Preacher sues fair over free-speech skirmish

Grant Rodgers
grodgers@dmreg.com
The Iowa State Fair Grandstand is set to undergo a multimillion-dollar renovation in time for the 2018 fair.

Jason Powell hopes to preach freely outside the Iowa State Fairgrounds in August without a repeat of 2013, when law enforcement officers detained and photographed him.

The Des Moines man's concerns about his First Amendment rights are the focus of a federal lawsuit filed in June, asking a judge to rule that security officials acted unconstitutionally by asking Powell to stop preaching and sharing his Christian message on public sidewalks just outside the fairgrounds.

After 2013's incident, Powell's attorney wrote a letter to the Iowa State Patrol and the Iowa attorney general's office but got no response, according to the lawsuit. Powell now hopes a judge can send a message to the Iowa State Fair that will allow him to return this year without problems.

"I hope my free speech rights will not be violated," Powell said in an email statement coordinated by his attorney. "I want to be able to share the Gospel. I want the lost to hear the Truth so the Truth can set them free."

Iowa State Fair officials referred a reporter's questions to the Iowa attorney general's office. An official there declined to comment because the case is pending.

On two days during last year's fair, Powell was asked to leave sidewalks located outside the fairgrounds because he was preaching, according to the lawsuit.

Powell contends his actions caused no problems; he wore a T-shirt with a Christian message and held up a sign and spoke with people, according to the lawsuit.

The Iowa State Fair, which attracts about 1 million visitors, creates a perfect place for Powell to share his message, according to the lawsuit. At about 8 p.m. on Aug. 15, Powell was on a sidewalk along East 30th Street just outside the fair gate speaking to a passer-by when he was approached by security, according to the lawsuit.

An officer told Powell to go to the other side of the street or he could be arrested for trespassing, according to the lawsuit. Powell was not blocking vehicle or pedestrian traffic and was not using a megaphone or any other kind of device, the lawsuit said.
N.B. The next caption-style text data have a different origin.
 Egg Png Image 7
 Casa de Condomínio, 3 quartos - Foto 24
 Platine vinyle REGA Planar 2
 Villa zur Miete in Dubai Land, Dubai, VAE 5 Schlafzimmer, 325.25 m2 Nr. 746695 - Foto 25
Powell returned to a sidewalk at a different gate the next night with only a sign, according to the lawsuit. He did not preach because he was afraid of being arrested, the lawsuit said.

But Powell was approached again by security and detained by an Iowa State Patrol trooper at a booking area at the fairgrounds, according to the lawsuit. The trooper took a picture of Powell and took his personal information and told him he had trespassed on the fairgrounds. Powell was given an "ejection notice" that barred him from going to the fairgrounds for any reason, according to the lawsuit.
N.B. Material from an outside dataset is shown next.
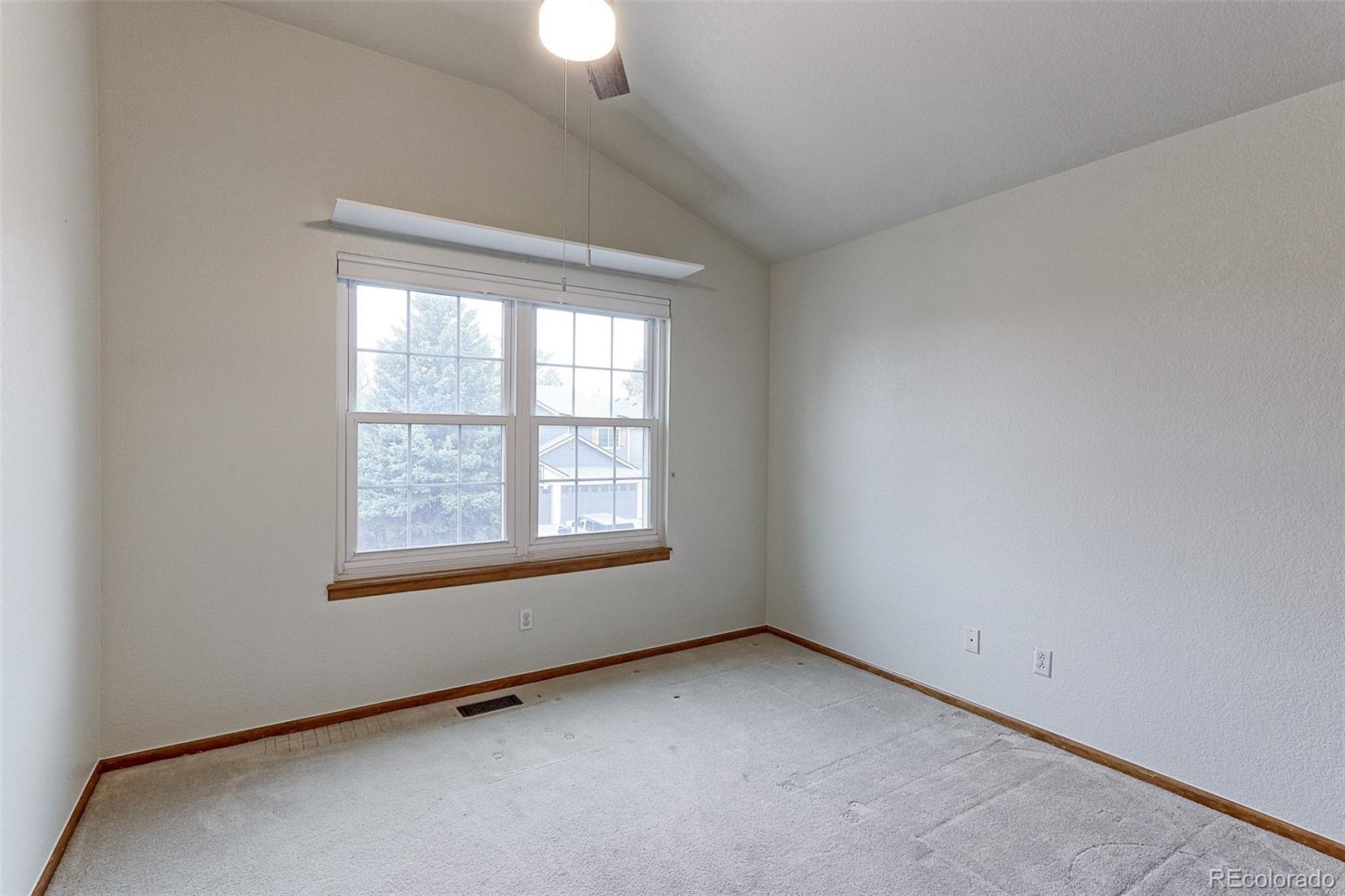 3133 E 133rd Avenue Thornton CO 80241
Powell is being represented in his lawsuit by Nate Kellum, chief counsel for the Memphis, Tenn.-based Center for Religious Expression. For Kellum, the case is a clear-cut violation of Powell's freedom of speech, he said.

"If you have a right to walk in that area, you should have a right to talk in that area," he said. "We firmly believe that his constitutional rights were violated because he was not allowed to share his views in a public place simply because they did not like what he was saying."

A U.S. Supreme Court decision in June that struck down a Massachusetts law creating a "buffer zone" for protesters around abortion clinics is a "reaffirmation" that government entities can't pick and choose the messages it allows to be shared in public spaces, Kellum said.

However, the case may not be as clear-cut as Kellum argues if state officials have evidence that Powell caused problems with traffic, blocked a sidewalk or created any other hazard, said Brian Steffen, chairman of the communication and media studies department at Simpson College in Indianola. The Supreme Court has in past cases recognized that governments have valid public safety reasons for regulating the "time, place and manner" of free speech in public areas, he said.

A hearing for the lawsuit has not been set. The state has until Monday to file its response to Powell's lawsuit, and Kellum hopes to see fast action on the issue.

This year's fair is Aug. 7-17.

"The State Fair is coming," Kellum said. "Not only do we want to get relief for Mr. Powell, but give him relief at a time he could really use it so that he could speak at this year's State Fair."